In an attempt to identify further susceptibility loci, we conducted a more extensive follow-up of SNPs showing evidence of association in stage 1 of our GWAS. We designed a panel of 47,120 SNPs, aiming to include all SNPs with a significant association in stage 1 at P-trend (1df)<.05 or P(2df)<.01 (see Online Methods).
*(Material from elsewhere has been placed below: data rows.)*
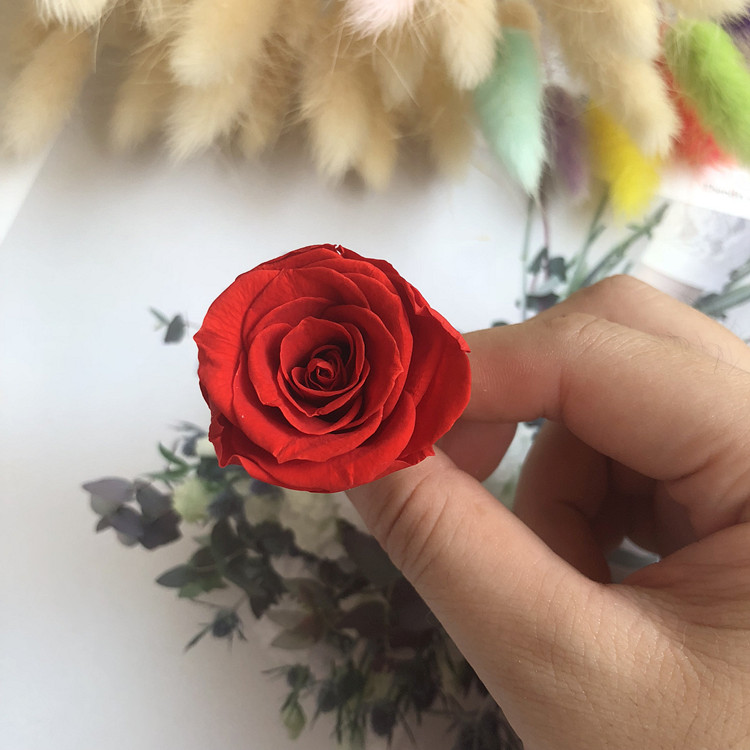 Rose rouge 3-4 cm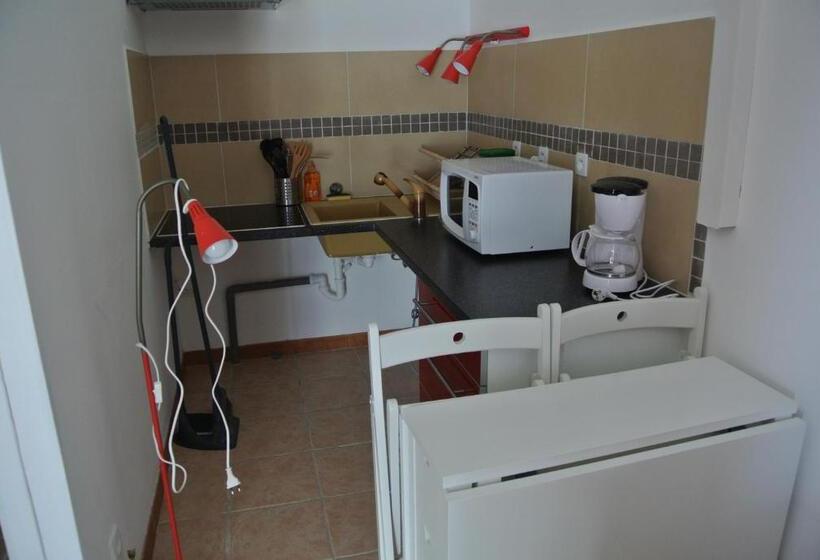 חדר סטודיו סטנדרד, Hôtel Les Mimosas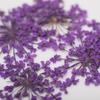 Suszone Kwiaty Do Zdobień Paznokci Mollylac Purple 5Szt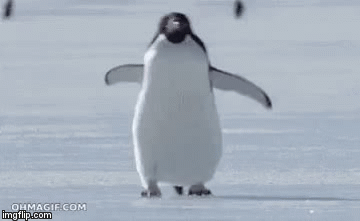 image tagged in gifs | made w/ Imgflip video-to-gif maker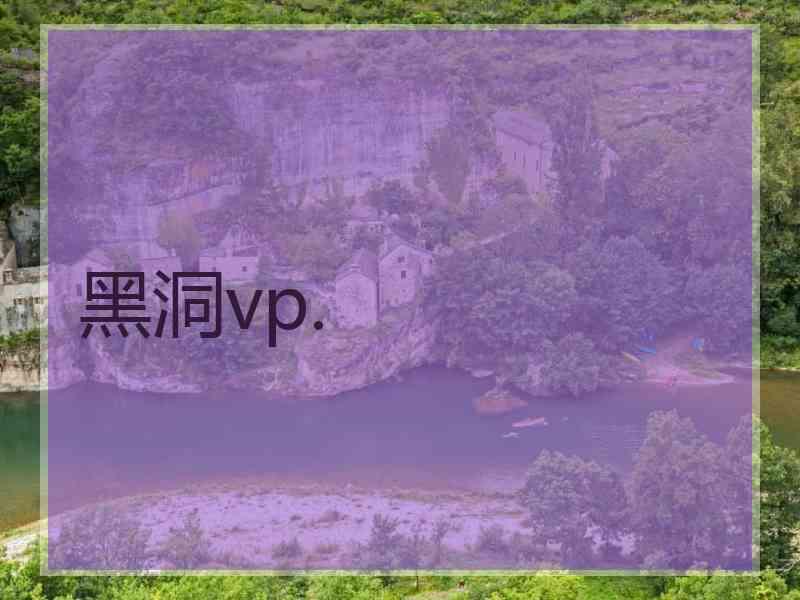 黑洞vp.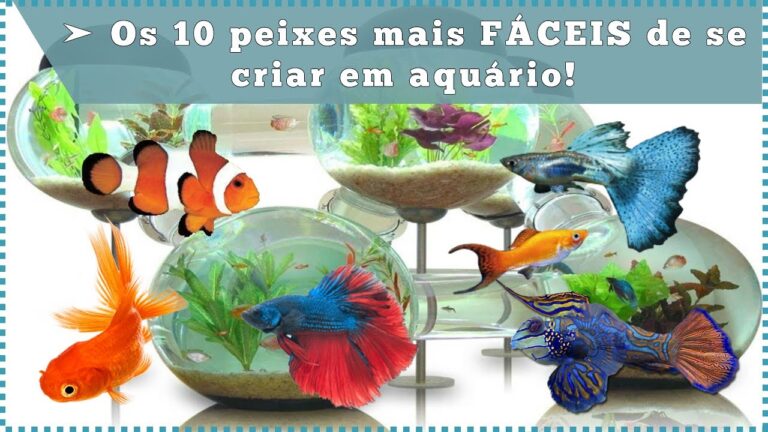 Guia Pr&aacute;tico de Peixes de &Aacute;gua Quente para Iniciantes
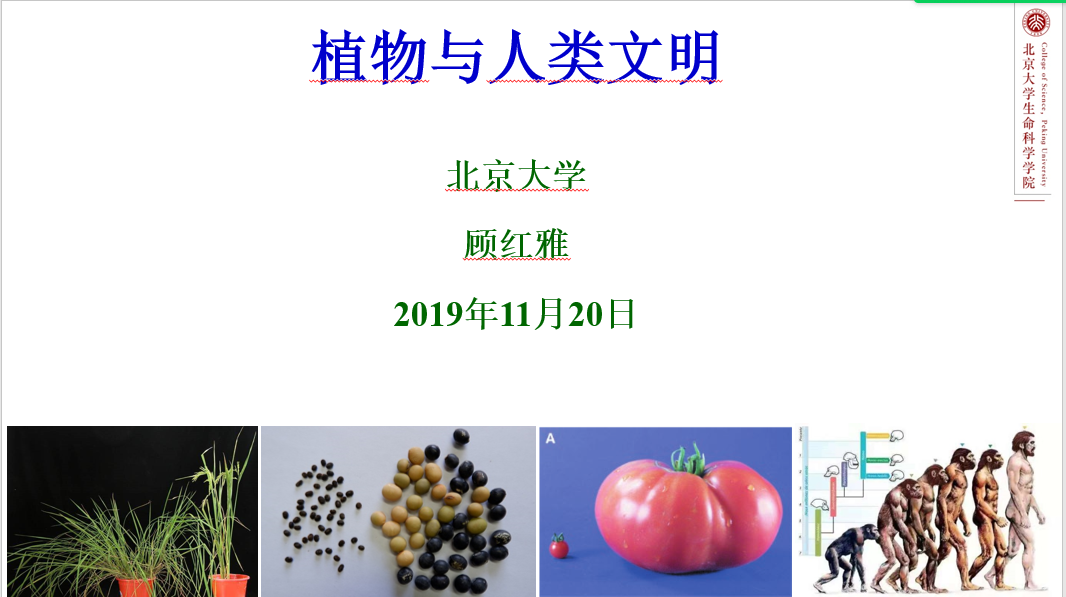 T1 顾红雅教授的讲座题目.png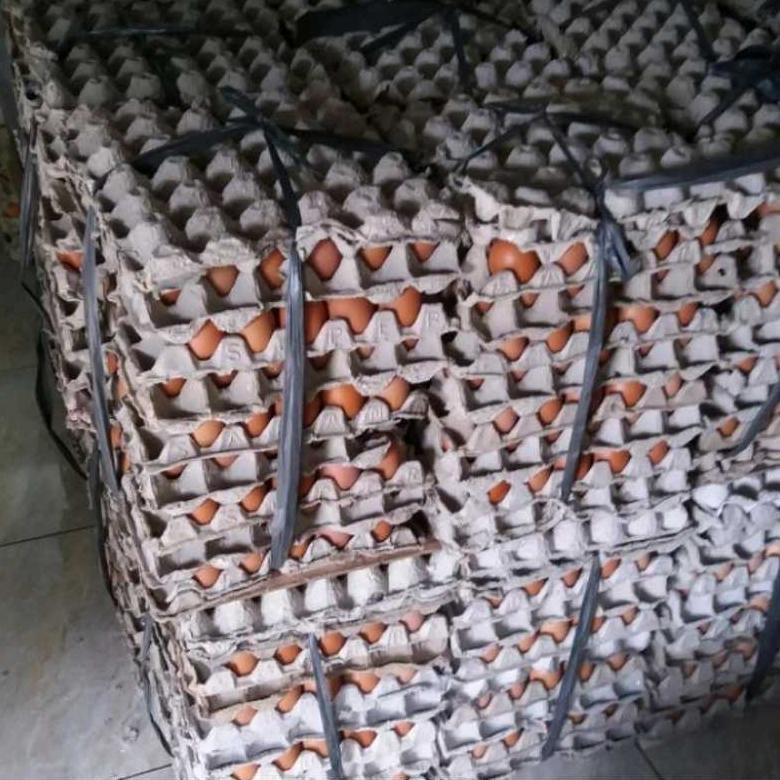 

TELUR AYAM NEGRI CURAH PER KG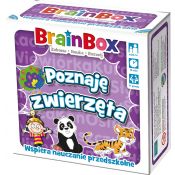 Gra edukacyjna Rebel BrainBox poznaję zwierzęta (5902650616684)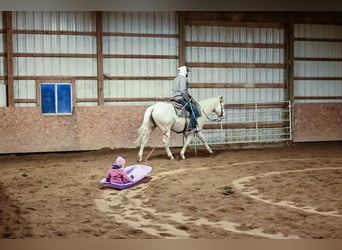 Paint Horse, Hongre, 8 Ans, 147 cm, Palomino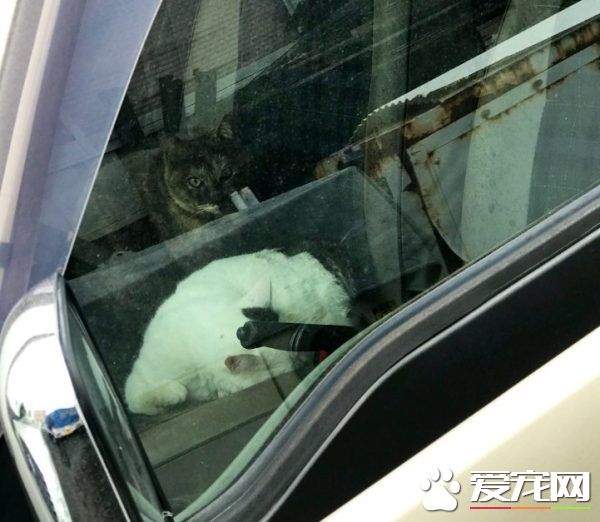 简直是六星级的猫旅店! 报废厢型车的大改造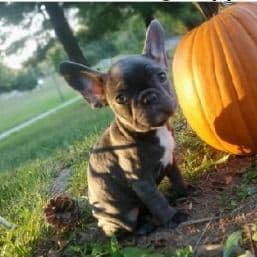 Blue Bell - French Bulldog Female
These SNPs were genotyped using the Illumina iSELECT platform in 3,894 PrCa cases and 4,055 controls from the United Kingdom (UK) and Australia (Figure 1, stage 2). After quality control (QC) exclusions (as described in Online Methods), we utilised data from 43,671 SNPs in 3,650 PrCa cases and 3,940 controls.
Genotype frequencies in cases and controls were compared using a 1 degree of freedom (df) Cochran-Armitage trend test (for QQ plots see Supplementary Figure 1). There was little evidence of inflation in the test statistics in the UK samples (estimated inflation factor λ=1.08), but there was more marked inflation in those from Australia (λ=1.23; λ=1.19 for stage 2 overall), suggestive of some population substructure. The Australian samples were selected from three studies (MCCS, RFPCS and EOPCS; see Supplementary Note for cohort descriptions), and further analysis revealed that adjustment for sub-study substantially reduced the inflation (λ=1.08 for Australia, λ=1.14 overall). This inflation may reflect oversampling of MCCS for individuals of South European ancestry. Principal components analysis identified a distinct cluster that is overrepresented in the MCCS study, consistent with admixture in this population (see Online Methods and Supplementary Figure 2). Adjustment for the first two principal components in addition to stratification by sub-study did not, however, reduce the inflation further. The residual inflation could reflect weak population substructure, or may reflect the combined effects of weak susceptibility alleles.
There was a clear excess of nominally significant associations in stage 2, with 132 SNPs significant at P<.0001 compared with ~4 that would be expected by chance (Supplementary Table 1). After combining with the stage 1 data, 116 SNPs were significant at P <10−6 (Supplementary Table 2). Of these, twenty-six of the SNPs were on chromosome 8q24, a region known to harbour multiple PrCa susceptibility loci 1, 3, 4, 6, 7 In addition, 42 SNPs were in the 7 regions we identified in our previous analysis1 and 13 were in two regions on 17q identified by Gudmundsson et al5. We also found strong evidence for an association with two SNPs on 2p15 (rs2710647, P=7.1×10−8; rs6545977, P=4.5×10−7), within the EHBP1 gene, close to that recently reported by Gudmundsson et al8. rs2710647 is however, only weakly correlated with the previously reported SNP rs721048, r2=0.19, and might reflect an independent association. Two additional susceptibility loci on chromosomes 7 and 10 were identified in the GWAS by Thomas et al9. We found supporting evidence for an association with rs10486567 on chromosome 7 (JAZF1; stage 2 per-allele OR 1.05, 95%CI 0.92, 95%CI 0.85–1.00, combined P=.00008), but only limited evidence for an association with rs4962416 on chromosome 10 (CTBP2; per-allele OR 1.05, 95%CI 0.98–1.13; P=.04).
The remaining 33 SNPs significant at P<10−6 were in 10 regions not previously associated with PrCa. Multiple logistic regression analysis was used to define a minimal subset of 12 independently significant SNPs, such that the remaining SNPs were not significant after adjustment for these SNPs. The strength of these associations in stage 2 was not substantially affected by principal components adjustment (Supplementary Table 3). These 12 SNPs were then subjected to further replication analysis in a third stage, involving 16,229 cases and 14,821 controls from 21 studies participating in the PRACTICAL Consortium (Supplementary Table 4).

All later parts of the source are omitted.